In all views except index, you will exclude fields you don't want displayed. If you want to customize the index view you will need to include each property.

Production

But reading schemas for every interaction with a model, reading and parsing all of these inclusion, exclusion, read-only, and validation rules from a config, these are all pretty expensive operations and not really suited for production apps. That's why there's an artisan command to commit views and controllers to _your_ codebase for better performance and further development control.

php artisan crud:publish

The crud:publish artisan command will create a directory for the model in your views directory with index, show, create, and edit views. It will also create a web controller in your Http/Controllers directory and an API controller in your Http/Controllers/Api directory. Finally it will provide recommended code for adding the routes to your web.php and api.php routes files, and recommend that you now remove the publish model(s) from your crud.php config file.

Of course you can customize and limit this publish with options. Provide --model= to speficfy the model you wish to publish. Omitting this option will publish all models. This option allows for multiple values simply by specifying it more than once (Example: `php artisan crud:publish --model=Employee --model=Car).

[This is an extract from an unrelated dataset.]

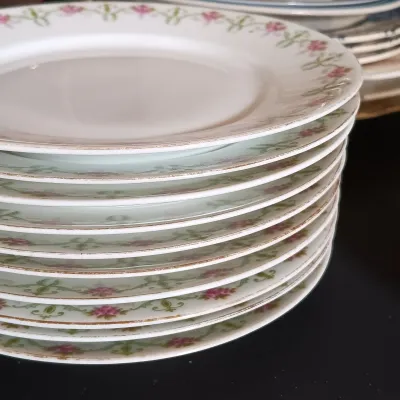 LOT 253: Miscellaneous Collection of Vintage and Contemporary China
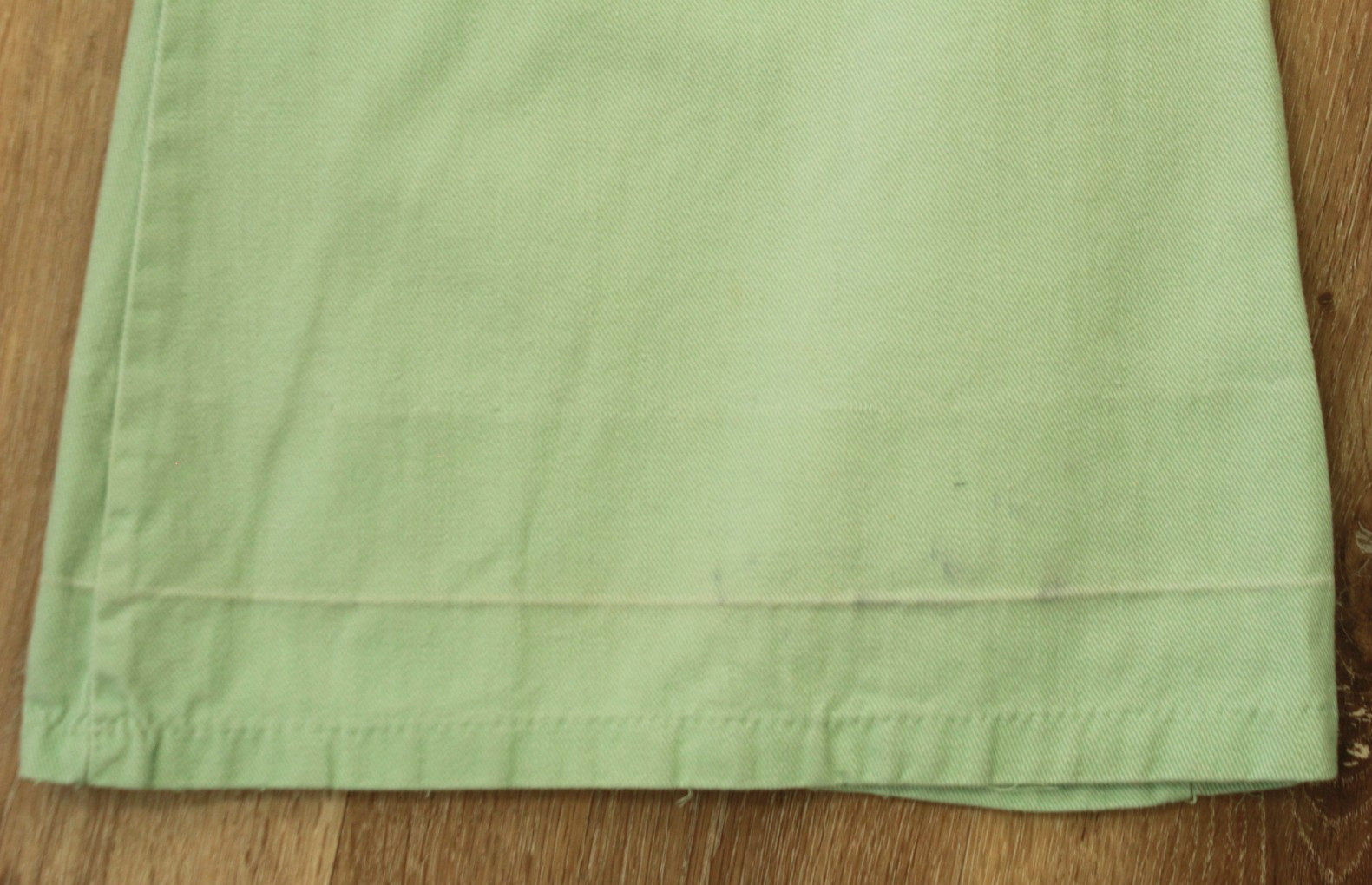 VTG Women’s 70s Mint Green Super Flare Bellbottoms Jeans XS / Sz 25″ 1970s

You can also specify which elements you want published by specifying --type=. Like --model= this can be repeated to specify multiple types to publish. The valid types are as follows:

  • `controller` - publishes the web controller
  • `api.controller` - publishes the API controller
  • `views` - publishes all views
  • `view.index` - publishes just the index view
  • `view.show` - publishes just the show view
  • `view.create` - publishes just the create view
  • `view.edit` - publishes just the edit view

Some notes on these options. They are case insensitive; all punctuation is stripped out (so api.controller, api-controller, and apicontroller all work); singular vs plural doesn't matter (English only); and the order of words for the specific views doesn't matter (view.index or index.view).

Roadmap

  • Unit testing
  • Beta release/release to Packagist.

Contributing

Contributions are always welcome on GitHub. Please open issues before submitting PRs and do tag the issue in your commit messages/PR description. Also, please adhere to PSR-2 as much as possible.